Title: We're Praying for Rain
Fandom: Caliban Leandros Series
Summary: Things change, after Darkling. Everything changes. And it's a process.
Notes: Written for hollow_echoes for Yuletide 2011. As I said in the original author's note: "Hurt/comfort is my new addiction, and for some reason I've never really written any in this fandom despite how ripe the material is for it." So here's my other favorite pair of hunting brothers dancing around each other and failing at communication. I sense a theme.

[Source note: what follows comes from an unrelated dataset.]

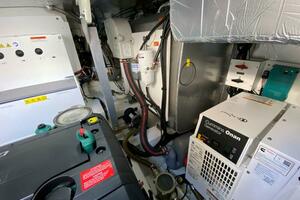 LUCKY ONE 46ft Prestige Yacht For Sale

Niko remembered every day, hour, week of the time after Tumulus, after Cal’s two days (two years) in Hell. Some of his worst memories lived in that time, in Cal catatonic and shaking, in Cal lashing out wildly in his sleep, in the way Cal’s nails ripped into his own skin and he hardly seemed to realize he was drawing blood.
Not anymore.
Now his nightmares were silver eyes and a grin too wide for Cal’s face, of Cal’s fingers wrapping around his over the hilt of the katana and red, red blood spilling out too fast to keep in. Rafferty had been merciful, but mercy wasn’t enough to erase the past. He knew that the first time Cal, still half asleep, crawled into bed beside him and pressed his face against Niko’s shoulder, the soft sounds in his throat too close to whimpers.
Neither of them mentioned it, but the first time wasn’t the last time.

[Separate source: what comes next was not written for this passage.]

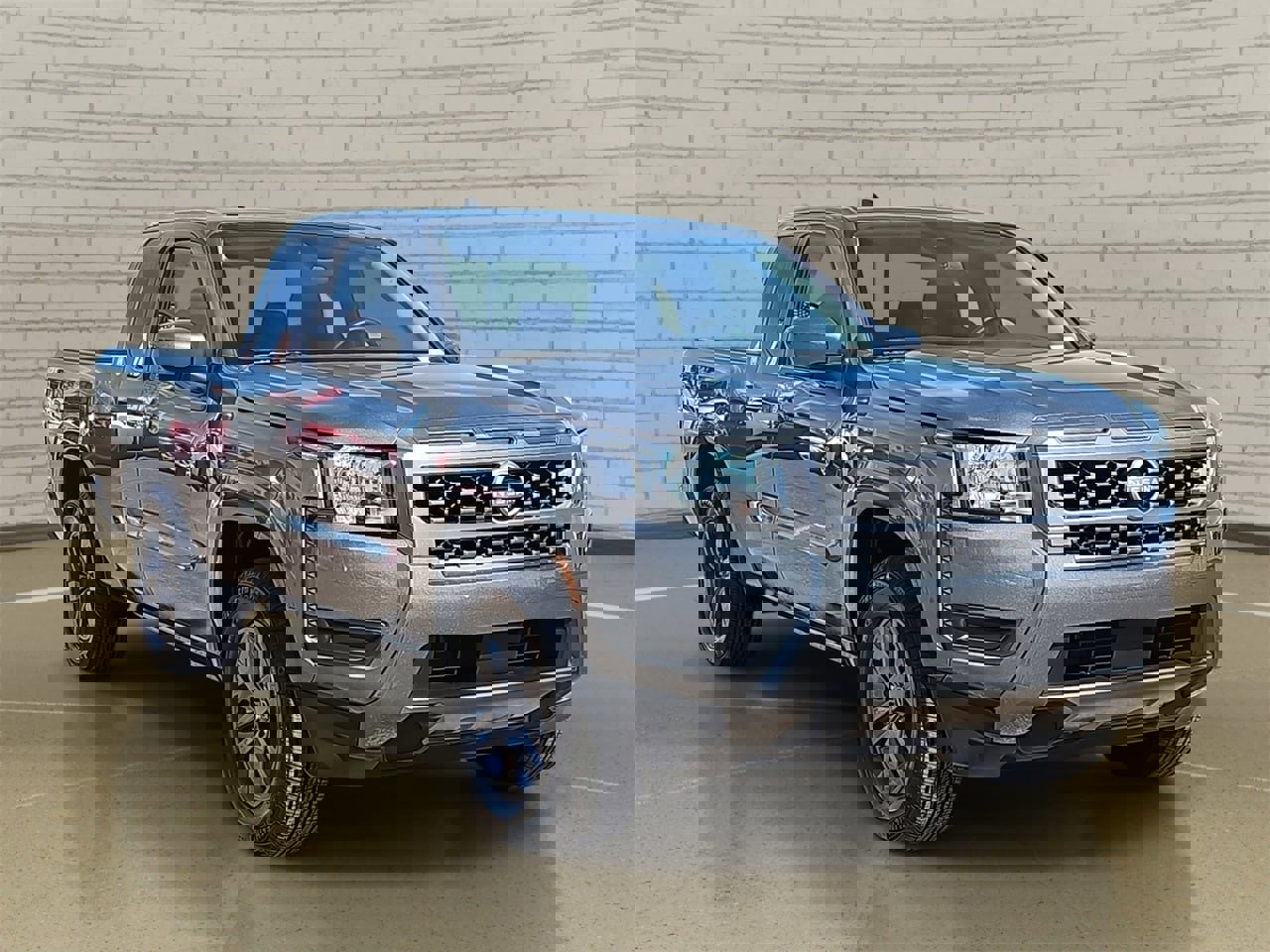 Used 2025 Nissan Frontier SV image 3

He did what he could. Ran Cal ragged at every opportunity, sparred until they were both exhausted, tried to keep them both busy with work even if the pay was miserable and the hours were long and mostly it was tedious. Most eerie about the whole thing was the fact that Cal didn’t even complain. He ran and he practiced and the hollow look lingered in his eyes. Making Niko uneasy. Making him worry.
**
He caught Cal in the living room stitching up his own arm, or rather taking a break in doing so to rest his head against the back of the couch. He’d made a mess of the coffee table, but at least the stitches were even.
“Hey Nik,” he said, and grinned, a little sloppily. “Thought you were asleep.”
“I was,” Niko said tersely. “Please tell me you’re not drunk.”
“I’m not drunk,” Cal said agreeably, and then frowned. “Maybe a little.” Another pause. “Maybe a lot.”
Niko took a deep breath through his nose and let it out through his mouth before saying, “I guess that’s why you thought it would be a good idea to do your own stitches. What happened?”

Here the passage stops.